Durante a reunião, o Inmet (Instituto Nacional de Meteorologia), a ANA (Agência Nacional de Águas e Saneamento Básico) e o Cemaden (Centro Nacional de Monitoramento e Alertas de Desastres Naturais) apresentaram dados que ajudam na avaliação dos riscos.
De acordo com o Inmet, as águas do Oceano Pacífico seguem com temperaturas acima da média. A evolução desse aquecimento será monitorada para definir a intensidade do El Niño e seus efeitos no Brasil.
Para as regiões com risco de estiagem, o governo prepara medidas de abastecimento e segurança alimentar, principalmente em áreas onde pode haver isolamento de comunidades. A preocupação inclui populações ribeirinhas, indígenas e quilombolas.

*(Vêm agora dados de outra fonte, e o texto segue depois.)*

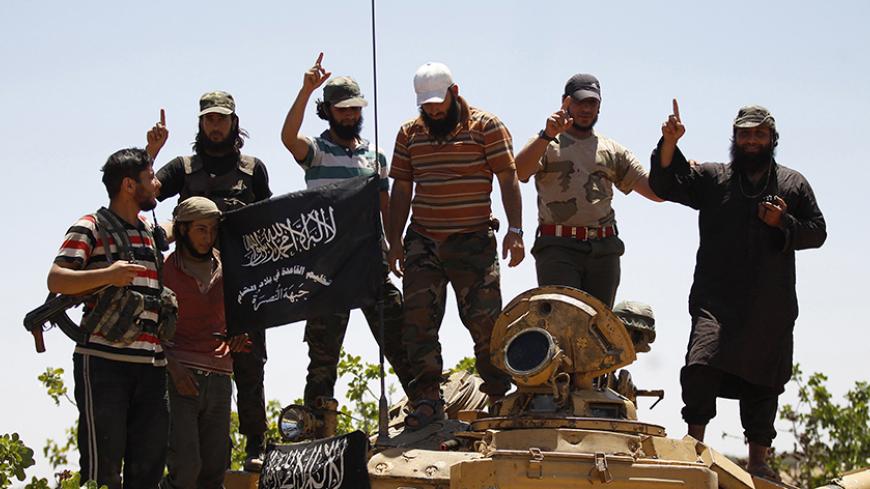 Islamist Syrian rebel group Jabhat al-Nusra members gesture while posing on a tank on Al-Khazan frontline of Khan Sheikhoun, northern Idlib province May 17, 2014. REUTERS/Hamid Khatib (SYRIA - Tags: CIVIL UNREST MILITARY POLITICS CONFLICT) - RTR3PM9N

A queda no nível dos rios também é motivo de atenção. Na área de energia e logística, são estudadas ações para antecipar estoques de combustíveis em locais que possam enfrentar problemas de navegação ou acesso.
Na saúde, o monitoramento considera o possível aumento de doenças transmitidas pelo mosquito Aedes aegypti, como dengue, zika e chikungunya, além dos efeitos de eventos climáticos extremos.
O acompanhamento será contínuo. Dados de curto prazo devem indicar situações que precisem de resposta imediata, enquanto as tendências para os próximos meses orientarão ações preventivas dos governos federal, estaduais e municipais.